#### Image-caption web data
*** Begin section ***
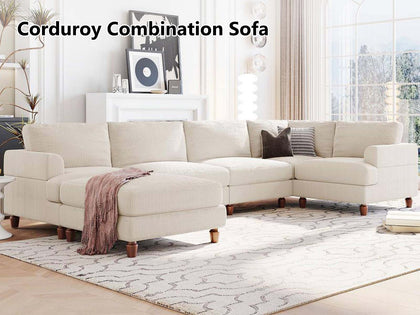 Sondra Corduroy Combination Sofa Set Beige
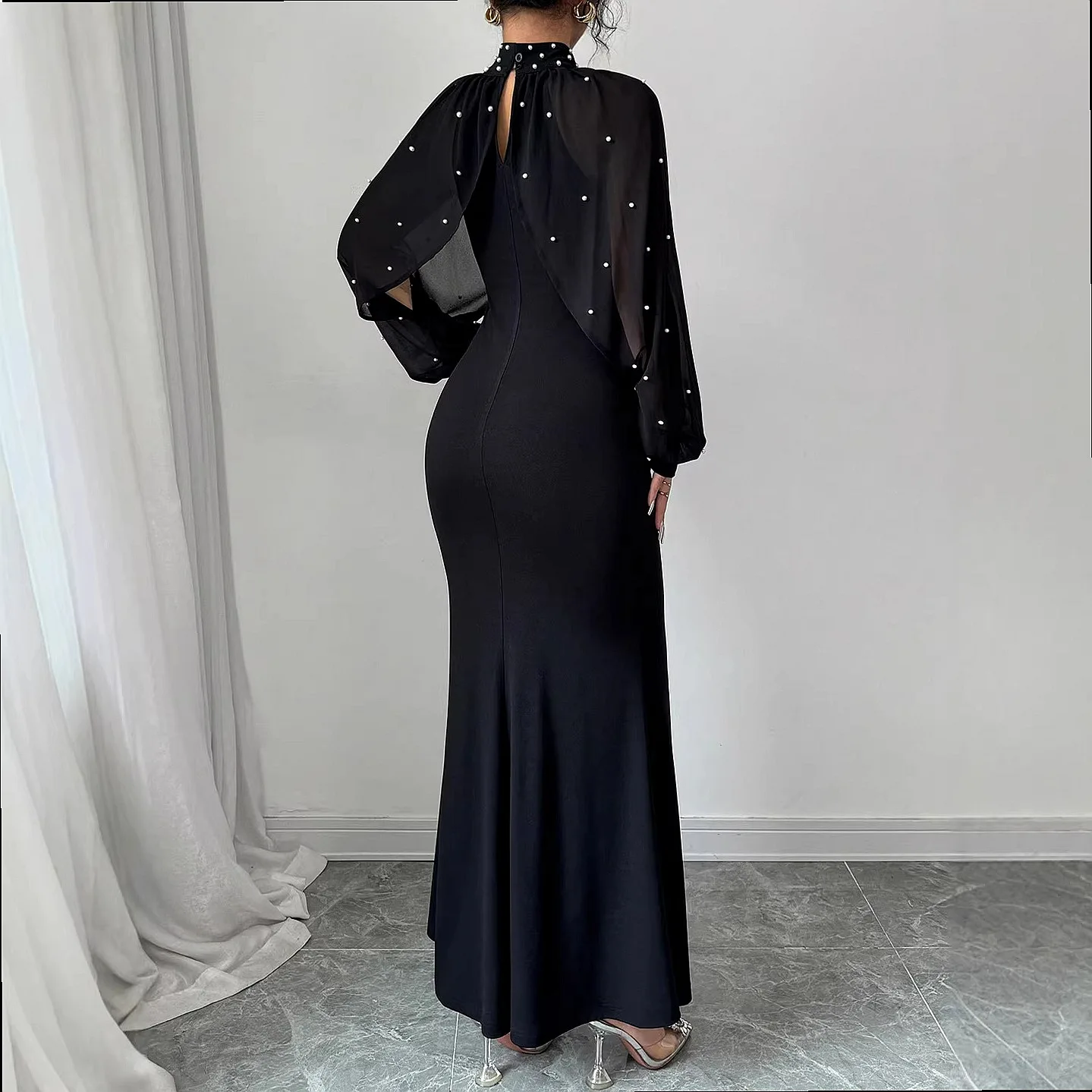 Elegant High Neck Mesh Rhinestone Long Sleeve Waist Fishtail Long Evening Dress Dresses Spring Summer Matching Set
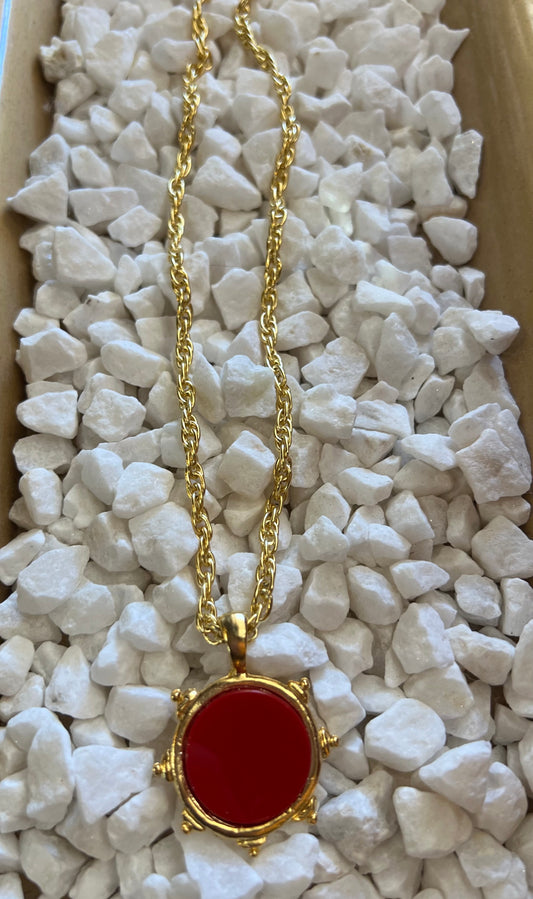 Red Coral Pendant Gold Rope Chain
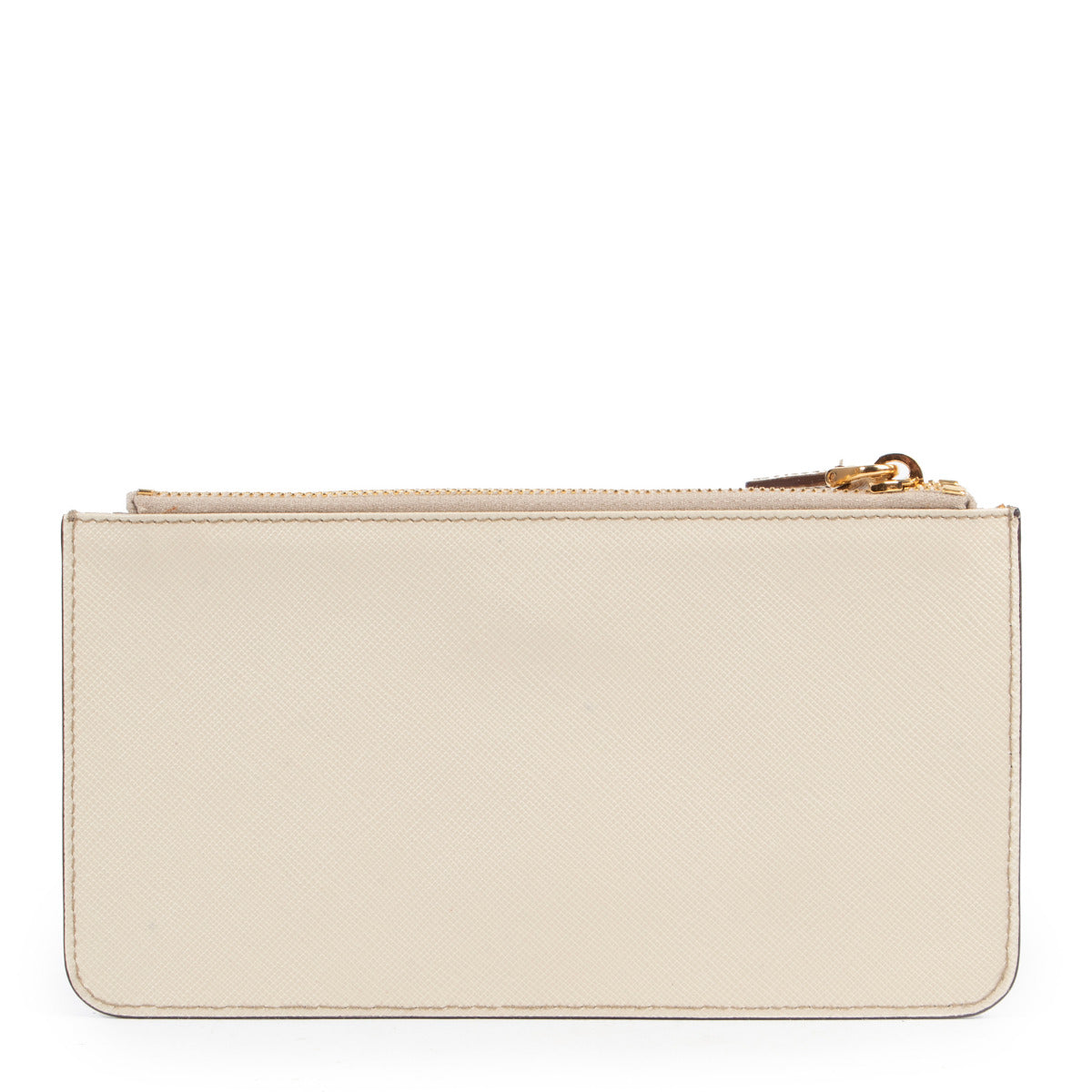 Prada Beige Saffiano Leather Small Pouch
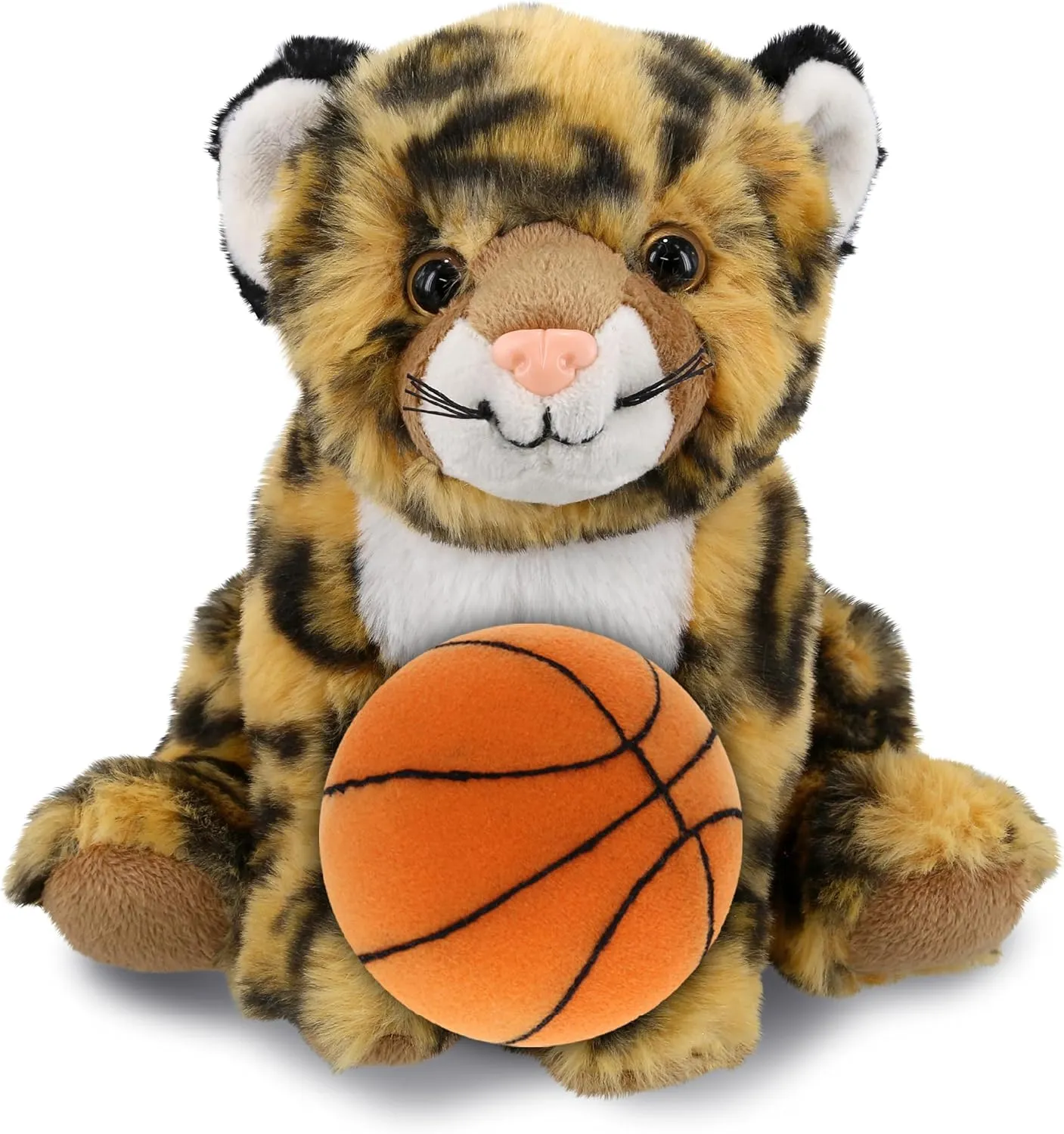 DolliBu Squat Leopard Stuffed Animal with Basketball Plush - Soft Huggable Leopard, Adorable Playtime Plush Toy, Cute Safari Life Gift, Personalized Plush Doll Animal Toy for Kids and Adults - 8 Inch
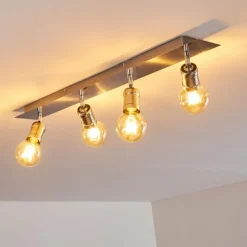 Plafonnier Lagunita Nickel mat, 4 lumières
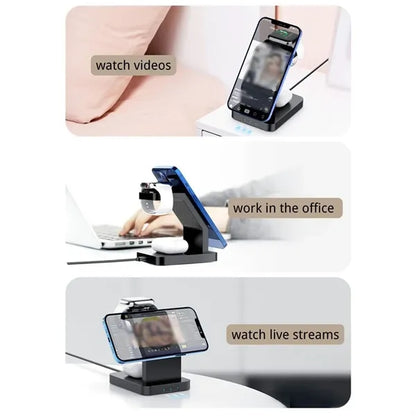 3 in 1 daily fast charging station wireless charger stand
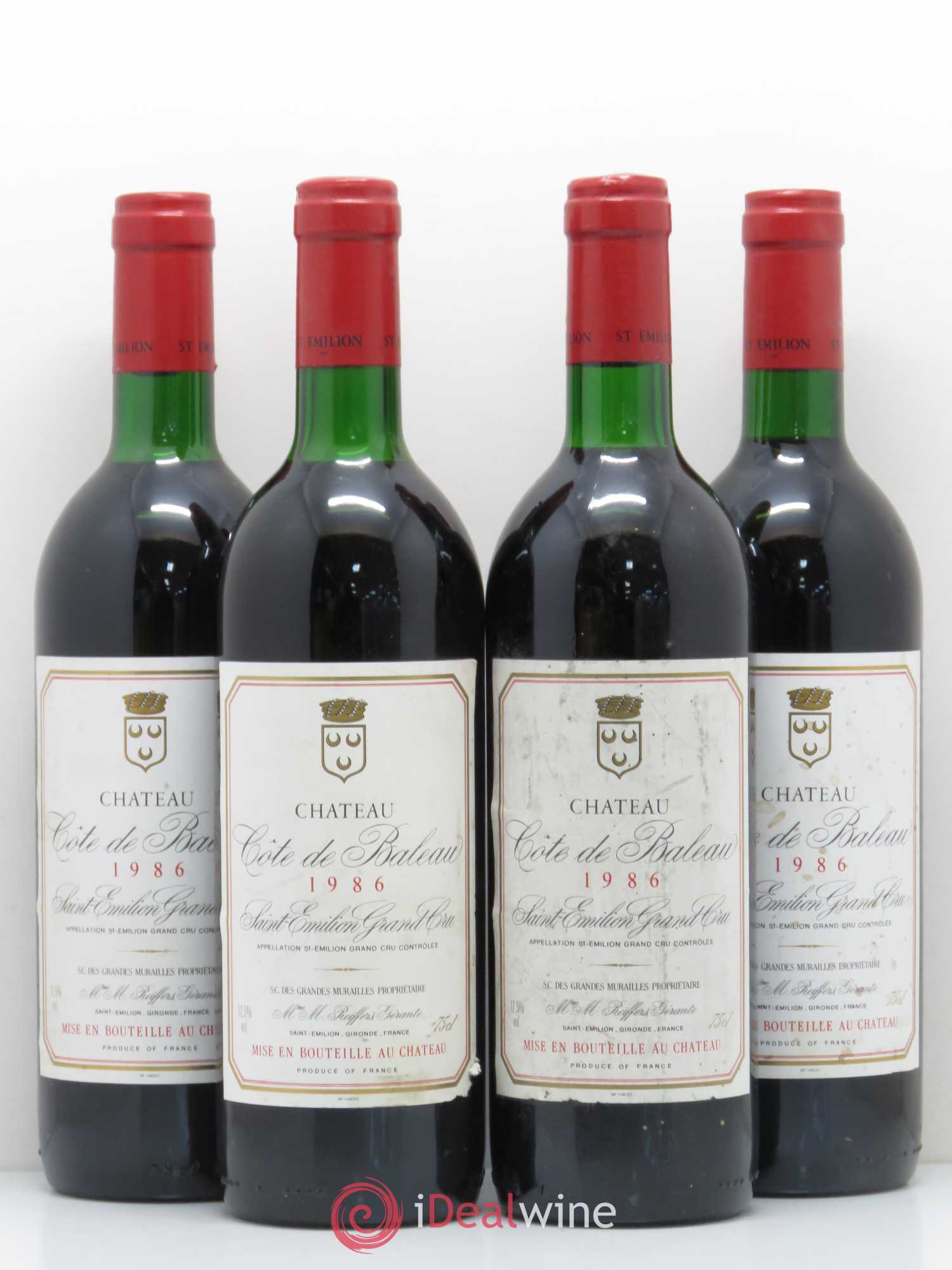Château Côte de Baleau Grand Cru Classé (sans prix de réserve) 1986 - Lot de 4 bouteilles - 0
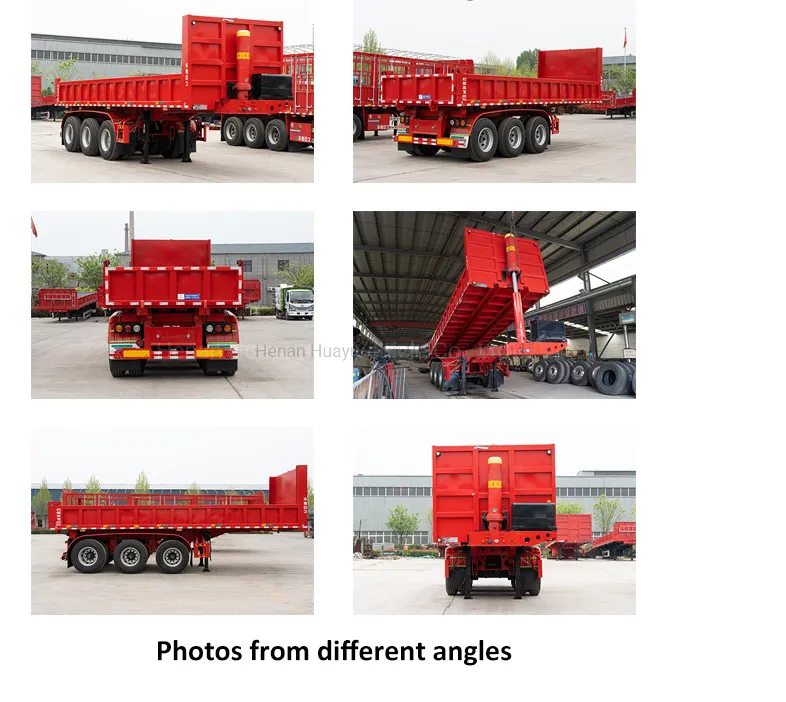 3 Axles Container Rear Lifting Dump Tipper Semi Tractor Trailer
*** End section ***
#### What needs to be done
What to print is the stretch of entries from the line with "Elegant High Neck" up to and including the line with "Plafonnier Lagunita Nickel mat, 4 lumières". Please print it exactly and leave out the pictures.

#### Task response
 Elegant High Neck Mesh Rhinestone Long Sleeve Waist Fishtail Long Evening Dress Dresses Spring Summer Matching Set
 Red Coral Pendant Gold Rope Chain
 Prada Beige Saffiano Leather Small Pouch
 DolliBu Squat Leopard Stuffed Animal with Basketball Plush - Soft Huggable Leopard, Adorable Playtime Plush Toy, Cute Safari Life Gift, Personalized Plush Doll Animal Toy for Kids and Adults - 8 Inch
 Plafonnier Lagunita Nickel mat, 4 lumières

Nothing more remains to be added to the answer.